The absence of protection afforded by virtual reality notwithstanding, I want to add to the inventory of institution-wide perspectives that have been mentioned by Myles and Bob by describing several contextual factors that are frequently cited in our conversations at the Foundation with college and university presidents and deans; and then I want to say a few words about the specific things that the Foundation is doing along the lines suggested by the recommendations of the AAU/ARL task forces.
In our conversations with university leaders, certain themes recur. Three of these are expansive. The first is that the use of technology on campus--in instruction, in publishing and scholarly communication, and in information storage and access--will continue to grow for the foreseeable future, and in ways that are sometime not yet imagined, let alone fully developed.
The second generalization I would venture is that conversations about issues related to the introduction of technology into all aspects of campus life--will include ever wider circles of participants. Not only are university presses and university libraries beginning to talk with one another, but the conversations are just beginning to include the commercial publishers, as well. Eventually, I hope they will also include representatives of the telecommunications and entertainment industries. Only by confronting the genuine differences of perspective on these issues will we arrive at durable solutions.
A third contextual factor (to judge from our conversations with campus leaders), is that scholarship in many fields of the humanities and the social sciences continues to be pursued along interdisciplinary lines that make it very difficult--even if limitations on money and storage space were not problems--to assemble comprehensive library collections in support of that research. The lines of intellectual inquiry that scholars choose to follow these days cut across the usual categories for organizing library materials; moreover, there are few indications that the ferment in the disciplines is settling down and that new, stable rubrics for the organization of knowledge are emerging.
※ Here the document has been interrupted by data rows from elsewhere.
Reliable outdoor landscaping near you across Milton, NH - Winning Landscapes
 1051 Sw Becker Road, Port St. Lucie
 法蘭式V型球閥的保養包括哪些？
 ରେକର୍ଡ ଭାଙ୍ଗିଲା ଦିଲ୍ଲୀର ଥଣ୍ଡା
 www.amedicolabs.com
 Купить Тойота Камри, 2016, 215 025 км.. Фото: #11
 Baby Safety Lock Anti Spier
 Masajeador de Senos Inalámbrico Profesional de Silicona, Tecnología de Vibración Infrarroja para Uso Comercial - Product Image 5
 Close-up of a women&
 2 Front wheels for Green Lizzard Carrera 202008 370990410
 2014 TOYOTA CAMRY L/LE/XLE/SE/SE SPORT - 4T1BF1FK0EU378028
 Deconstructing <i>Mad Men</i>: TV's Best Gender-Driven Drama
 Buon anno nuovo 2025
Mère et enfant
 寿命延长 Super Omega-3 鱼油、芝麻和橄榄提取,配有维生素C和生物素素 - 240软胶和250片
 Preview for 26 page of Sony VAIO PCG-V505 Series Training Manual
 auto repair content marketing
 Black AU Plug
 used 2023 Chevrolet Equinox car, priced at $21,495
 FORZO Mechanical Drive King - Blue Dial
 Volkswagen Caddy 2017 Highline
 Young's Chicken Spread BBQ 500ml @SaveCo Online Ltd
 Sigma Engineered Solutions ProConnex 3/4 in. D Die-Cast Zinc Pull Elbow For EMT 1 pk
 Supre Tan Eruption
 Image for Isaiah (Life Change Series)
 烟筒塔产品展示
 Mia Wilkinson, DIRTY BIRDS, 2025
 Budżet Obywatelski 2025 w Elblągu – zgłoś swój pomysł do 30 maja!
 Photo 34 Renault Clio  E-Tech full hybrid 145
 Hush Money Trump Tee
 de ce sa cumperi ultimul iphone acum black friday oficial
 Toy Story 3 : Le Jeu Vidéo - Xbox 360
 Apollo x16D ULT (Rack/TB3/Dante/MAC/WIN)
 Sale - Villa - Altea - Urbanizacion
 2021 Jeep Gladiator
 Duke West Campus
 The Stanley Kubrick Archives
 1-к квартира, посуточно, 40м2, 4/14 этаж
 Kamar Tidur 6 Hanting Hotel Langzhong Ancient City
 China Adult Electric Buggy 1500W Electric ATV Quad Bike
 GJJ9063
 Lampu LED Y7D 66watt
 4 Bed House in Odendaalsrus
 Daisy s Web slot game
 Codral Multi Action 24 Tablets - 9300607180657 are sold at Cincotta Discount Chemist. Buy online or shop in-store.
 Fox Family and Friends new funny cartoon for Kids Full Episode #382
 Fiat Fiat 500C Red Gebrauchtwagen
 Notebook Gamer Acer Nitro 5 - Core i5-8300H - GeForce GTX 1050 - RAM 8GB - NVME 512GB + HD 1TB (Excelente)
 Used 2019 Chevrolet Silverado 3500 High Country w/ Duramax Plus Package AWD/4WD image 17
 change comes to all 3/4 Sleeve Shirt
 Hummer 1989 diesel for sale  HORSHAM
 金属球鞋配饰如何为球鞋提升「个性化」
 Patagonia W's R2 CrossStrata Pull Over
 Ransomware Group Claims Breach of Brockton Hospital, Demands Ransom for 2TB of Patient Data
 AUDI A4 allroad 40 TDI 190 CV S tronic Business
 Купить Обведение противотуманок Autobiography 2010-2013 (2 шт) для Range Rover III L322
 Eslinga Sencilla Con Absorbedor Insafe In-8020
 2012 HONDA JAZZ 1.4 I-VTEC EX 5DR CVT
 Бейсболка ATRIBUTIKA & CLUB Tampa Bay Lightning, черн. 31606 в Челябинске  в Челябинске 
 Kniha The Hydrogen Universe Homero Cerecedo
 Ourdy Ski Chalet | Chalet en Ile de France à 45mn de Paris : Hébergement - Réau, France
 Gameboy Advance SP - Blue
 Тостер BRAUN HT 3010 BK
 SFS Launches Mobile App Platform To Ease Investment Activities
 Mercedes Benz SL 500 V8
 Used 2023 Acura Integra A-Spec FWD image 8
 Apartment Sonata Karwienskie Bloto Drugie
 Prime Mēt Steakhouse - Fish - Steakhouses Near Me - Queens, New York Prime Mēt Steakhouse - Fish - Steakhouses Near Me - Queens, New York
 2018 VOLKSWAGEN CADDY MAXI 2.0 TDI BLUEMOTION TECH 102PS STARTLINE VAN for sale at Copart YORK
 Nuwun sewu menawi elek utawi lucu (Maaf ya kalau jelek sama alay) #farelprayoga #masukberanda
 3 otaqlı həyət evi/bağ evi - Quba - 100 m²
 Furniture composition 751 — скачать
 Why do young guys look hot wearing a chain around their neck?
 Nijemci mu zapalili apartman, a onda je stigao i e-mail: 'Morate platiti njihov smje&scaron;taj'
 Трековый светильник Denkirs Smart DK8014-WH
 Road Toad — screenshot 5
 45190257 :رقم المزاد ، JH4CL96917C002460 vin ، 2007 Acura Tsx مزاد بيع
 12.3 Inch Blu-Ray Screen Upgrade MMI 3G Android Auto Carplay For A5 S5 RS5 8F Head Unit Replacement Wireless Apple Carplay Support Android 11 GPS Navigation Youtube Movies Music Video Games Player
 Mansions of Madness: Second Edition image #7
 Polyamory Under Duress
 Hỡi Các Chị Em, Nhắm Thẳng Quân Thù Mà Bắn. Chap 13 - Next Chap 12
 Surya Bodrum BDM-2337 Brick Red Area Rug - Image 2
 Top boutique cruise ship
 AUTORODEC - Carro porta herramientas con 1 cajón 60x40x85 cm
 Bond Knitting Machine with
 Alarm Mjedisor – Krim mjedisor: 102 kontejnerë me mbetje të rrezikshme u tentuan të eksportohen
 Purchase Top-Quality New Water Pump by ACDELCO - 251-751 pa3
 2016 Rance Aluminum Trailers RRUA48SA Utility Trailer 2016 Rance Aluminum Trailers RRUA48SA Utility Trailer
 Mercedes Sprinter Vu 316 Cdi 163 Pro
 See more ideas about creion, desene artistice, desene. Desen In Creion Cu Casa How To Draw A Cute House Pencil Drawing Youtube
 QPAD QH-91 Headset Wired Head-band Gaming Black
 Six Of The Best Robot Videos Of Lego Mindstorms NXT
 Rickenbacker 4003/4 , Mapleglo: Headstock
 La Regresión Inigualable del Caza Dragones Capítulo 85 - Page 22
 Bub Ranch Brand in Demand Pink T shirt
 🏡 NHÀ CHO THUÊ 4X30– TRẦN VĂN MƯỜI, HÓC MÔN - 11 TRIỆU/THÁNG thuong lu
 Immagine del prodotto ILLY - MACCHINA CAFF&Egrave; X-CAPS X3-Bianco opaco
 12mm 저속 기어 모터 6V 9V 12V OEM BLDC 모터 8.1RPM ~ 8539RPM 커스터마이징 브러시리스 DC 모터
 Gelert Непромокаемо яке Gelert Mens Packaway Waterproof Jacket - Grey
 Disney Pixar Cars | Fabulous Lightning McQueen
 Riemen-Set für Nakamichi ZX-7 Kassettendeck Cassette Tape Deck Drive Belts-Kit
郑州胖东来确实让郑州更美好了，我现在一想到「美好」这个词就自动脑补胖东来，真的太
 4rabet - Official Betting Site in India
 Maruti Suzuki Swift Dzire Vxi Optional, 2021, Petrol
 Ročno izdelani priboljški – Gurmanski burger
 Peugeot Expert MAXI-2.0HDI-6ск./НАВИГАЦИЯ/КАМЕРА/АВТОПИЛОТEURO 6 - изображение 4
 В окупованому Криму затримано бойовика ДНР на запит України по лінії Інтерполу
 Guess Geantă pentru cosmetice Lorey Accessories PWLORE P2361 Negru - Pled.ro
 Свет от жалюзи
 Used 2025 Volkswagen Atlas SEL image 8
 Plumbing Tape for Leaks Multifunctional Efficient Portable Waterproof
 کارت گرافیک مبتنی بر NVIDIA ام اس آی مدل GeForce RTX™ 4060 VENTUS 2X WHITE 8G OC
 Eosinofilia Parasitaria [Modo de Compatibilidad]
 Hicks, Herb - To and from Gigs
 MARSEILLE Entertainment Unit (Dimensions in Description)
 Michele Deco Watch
These three expansive considerations are accompanied by two factors that are more constraining. The first is that, without a doubt, cost containment continues to be a theme on campus and will for the foreseeable future. Every institution--large and small, public and private--is looking for ways to save money, reduce costs, and consolidate both curricular and administrative functions.
Finally, another theme--partly a consequence of the previous one--is that opportunities for inter-institutional collaboration are now especially appealing. With limited resources, colleges and universities are looking for ways to collaborate with one another in teaching, in administrative functions, and in student services. The collaborations we are hearing about include not only those among institutions with similar characteristics--colleges, for example, that belong to existing consortia--but also groups of dissimilar institutions that happen to be in close geographic proximity, and even occasionally dissimilar institutions that are more widely dispersed.
In this realm, libraries have a distinct advantage, it seems to me, because multi-institutional collection development, shared acquisition plans, and other aspects of resource-sharing are already accepted concepts, to some degree, in the library world. In some ways, research libraries are better situated to function in a world shaped by these trends than are other sectors of the academic-institutional world.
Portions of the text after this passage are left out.